実機検証では、ファイルを作ってタスクが増えること、内容や優先度を変えて反映されること、完了状態を変えられること、ファイルを削除すると元のタスクも削除されることを確認しました。実際の開発タスクへの進捗追記や完了の記録にも、この経路を使っています。
保存できたことと、反映されたことを分ける
ファイルとして扱えるようにしても、同期は瞬時に終わるとは限りません。エディターの保存が成功しただけでは、元のタスクに変更が届いたかまでは分かりません。検証でも、ファイルを書いた後に公開元のデータを読み直し、意図した内容になったことまで確認しました。
同じタスクをアプリ側で編集する場面もあります。古いファイルを保存した結果、新しい変更を上書きしてしまうと困ります。今回の実装ではファイルに更新の識別情報を持たせ、元のタスクとの食い違いを検出した場合は、そのまま書き戻さないようにしています。
ファイルに見える項目を全部編集可能にしたわけでもありません。識別子や自動で記録する日時は保護しています。コメントや繰り返しの情報は参照できますが、今回のファイル経由の編集対象には含めていません。
接続が切れた後の復旧も、一覧を表示するだけの段階では見落としやすい部分でした。公開を停止して再開したときに、古い接続を保持したままにならず、自動でつなぎ直して読み書きを続けられることまで確認しています。
全リストを見せるので、最初はオフにする
設定には「Finderに公開」のスイッチを追加しました。初期状態ではオフになっており、利用者がオンにしたときに公開します。既に明示的にオンにしていた場合は、その選択を引き継ぎます。
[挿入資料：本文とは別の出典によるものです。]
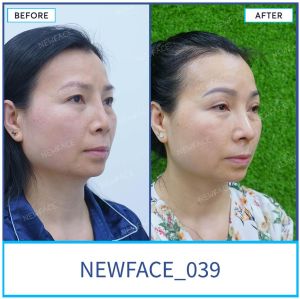 Hình ảnh nâng mũi trước sau Bs Trần Phương - Ca 39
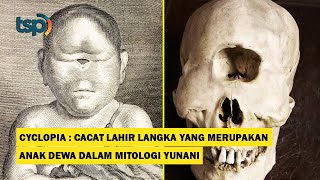 ENG SUB Cyclopia A rare birth defect similar to the Children of Gods in Greek Mythology [upl. by Ailalue]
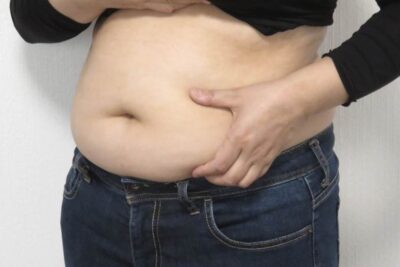 【肝臓病専門医が解説】「脂肪肝」は命に関わる万病の元！「太っているだけ」と放置するのは危険な理由のアイキャッチ画像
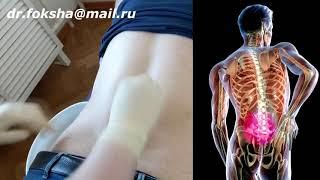 ЛЕЧЕНИЕ ОСТЕОХОНДРОЗА l БЛОКАДА l ЛОКАЛЬНАЯ ИНЪЕКЦИОННАЯ ТЕРАПИЯ l LOCAL INJECTION THERAPY BACK PAIN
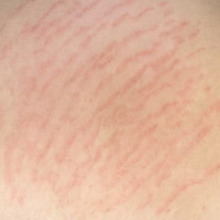 当日から1週間後の肌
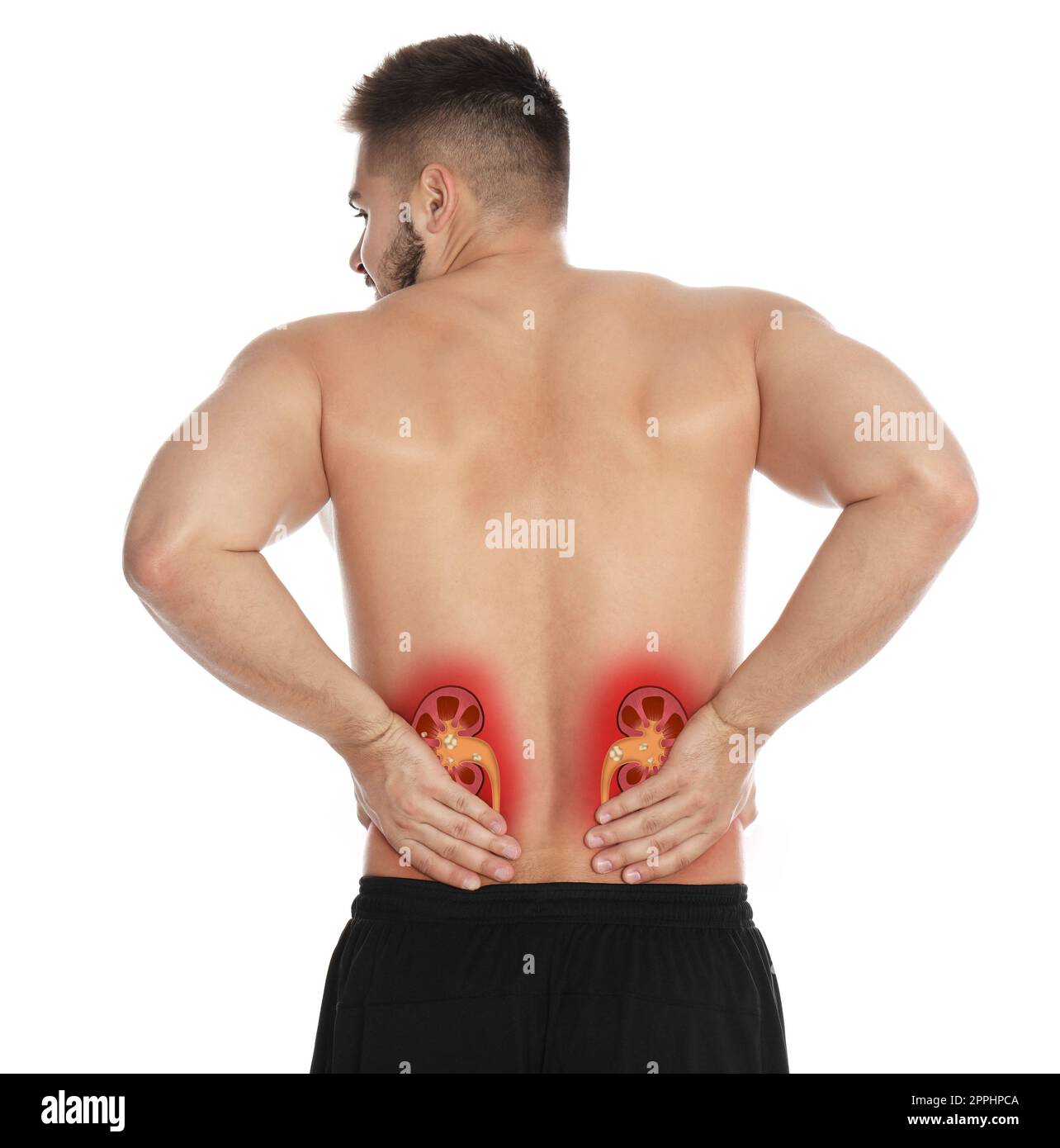 Man suffering from pain because of kidney stones disease on white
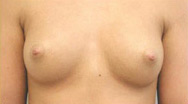 Breast Augmentation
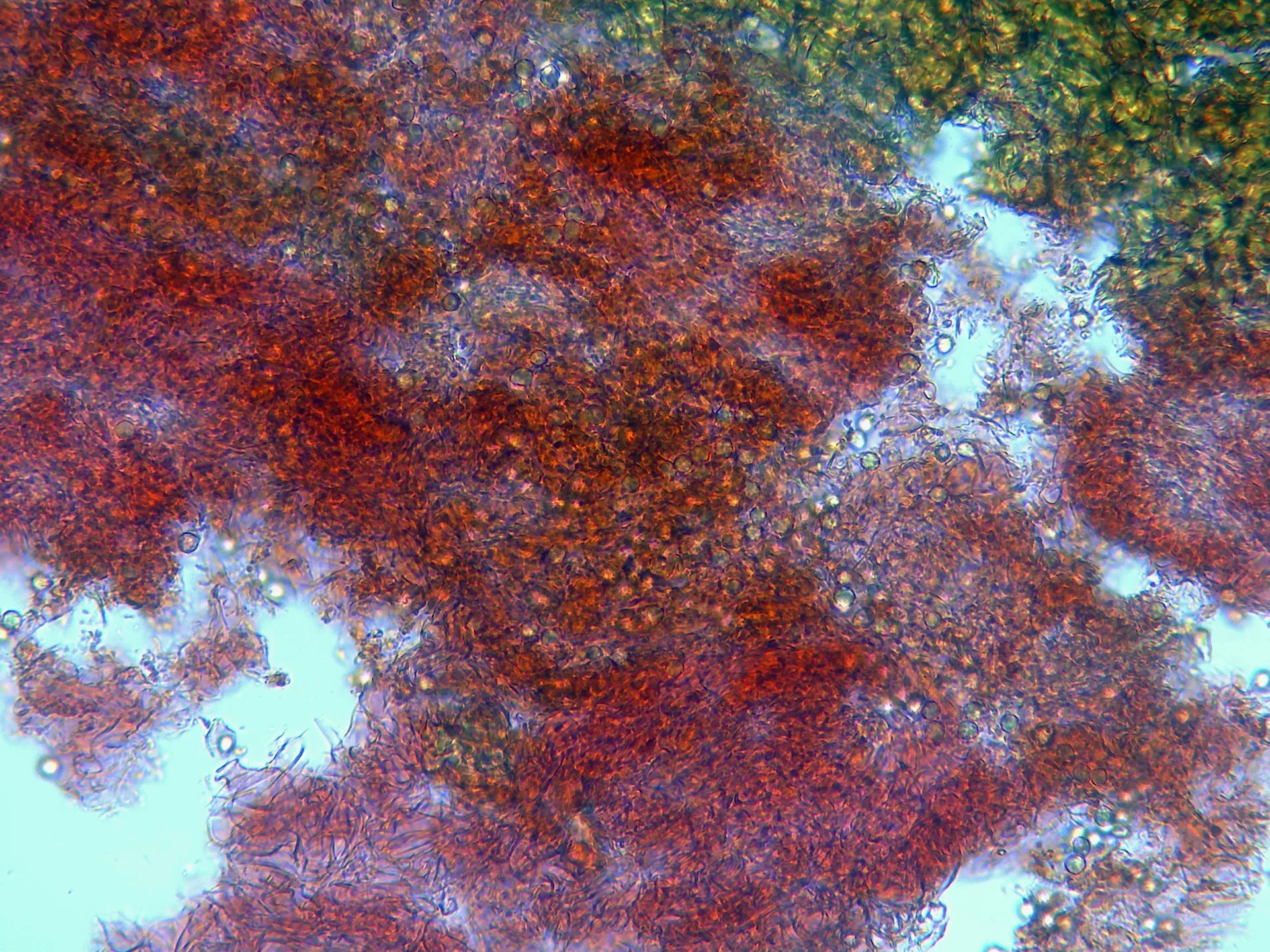 Microscopía de Sclerogaster compactus - 10 - Endoperidio x 400-001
ここでいう公開は、Finderからファイルとしてアクセスできるようにすることです。インターネット上へタスクを掲載する機能ではありません。ただ、公開先のファイルを扱う権限があるエディターやAIエージェントからは、タスクを読み書きできるようになります。全リストを対象にする以上、利用者が何を許可するのかを設定画面に書いておく必要があります。
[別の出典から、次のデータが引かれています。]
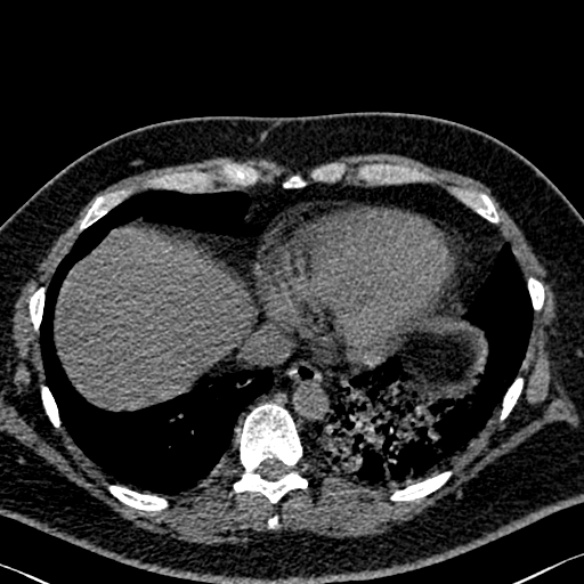 Adenoid cystic carcinoma of the trachea (Radiopaedia 49042-54137 Axial non-contrast 267).jpg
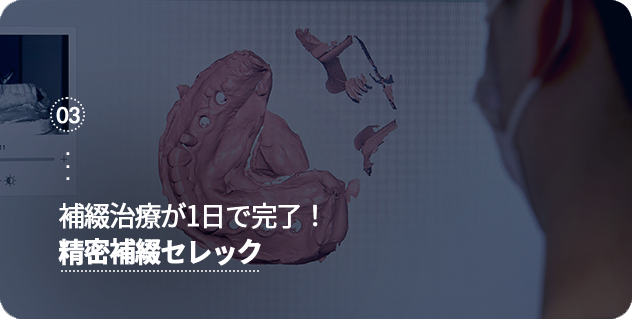 하루만에-보철치료-끝!-정밀보철세렉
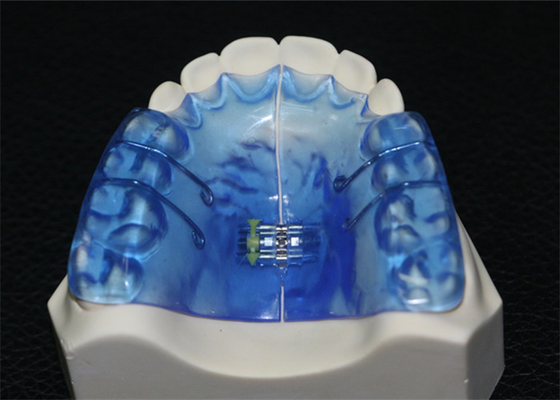 Orthopedische Tandinstrumenten met Hoge Stabiliteit en Goede Biocompatibility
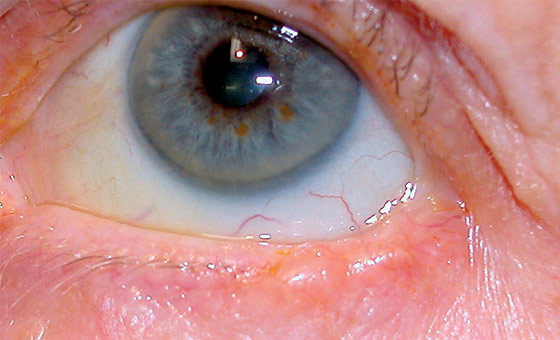 Eyelid and facial skin tumours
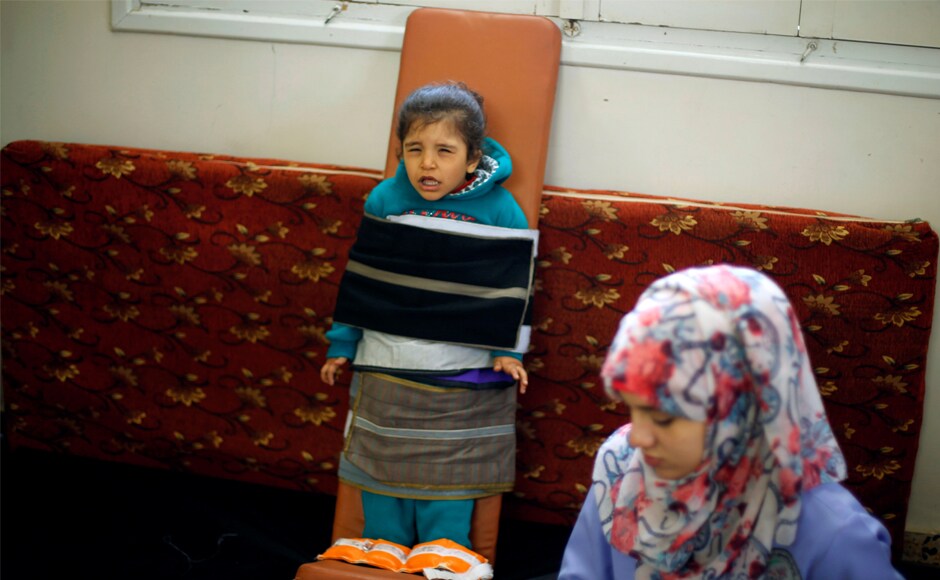 Palestinian girl Rasha al-Bayed, 5, who suffers from cerebral palsy, attends a physiotherapy session at Mabaret Falasteen charity in Gaza City. Without fuel, 40 surgical operation theatres, 11 obstetric operation theatres, 5 haemodialysis centres and hospital emergency departments serving almost 4,000 patients daily will be forced to stop critical services. Reuters Palestinian girl Rasha al-Bayed, 5, who suffers from cerebral palsy, attends a physiotherapy session at Mabaret Falasteen charity in Gaza City. Without fuel, 40 surgical operation theatres, 11 obstetric operation theatres, 5 haemodialysis centres and hospital emergency departments serving almost 4,000 patients daily will be forced to stop critical services. Reuters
画面には、ファイルの編集・削除がリマインダーにも反映されることと、更新を続けるためにバックグラウンド実行を使うことを記載しました。接続状態や最終公開日時を確認し、Finderで開く操作もここにまとめています。
公開を止める操作では、元のリマインダーを残したまま、ファイルとしての公開を終了します。未同期の編集をmacOSが別のフォルダーへ保護した場合には、設定からその保存先を開けます。タスクのファイルを削除する操作と、公開そのものを止める操作は、結果が違います。
MCPをどこまでファイル操作で代替できるか
ここまで動くと、MCPを通じて行っていた操作のうち、どこまでファイルで済むのかも調べたくなります。少なくとも今回確認したタスクの作成・更新・完了・削除は、MCPを呼ばずに実行できました。
ただし、MCPサーバーの廃止はまだ決めていません。リストの作成・名前変更・削除は、今回のFile Providerでは受け付けていませんし、コメントや繰り返しの編集も残っています。内部の同期処理は既存のバックグラウンドサービス上で動いているので、外からMCPを呼ばなくなったことだけで、そのサービスまで削除できるわけではありません。
次に確かめたいのは、普段使うエディターやAIエージェントから、追加の専用操作をどこまで減らせるかです。ファイルの保存や競合時の挙動も、実際の利用環境で詰める余地があります。配布版での検証も別に残しており、提供時期はまだ案内していません。
タスクの表示方法をひとつ増やす実験から始めて、開発の最後にファイルを更新してタスクを完了にするところまで来ました。人が画面で使っている道具を、AIも普段のファイル操作で使う。その使い方がどこまで日常の作業に馴染むか、Vigilareで試していきます。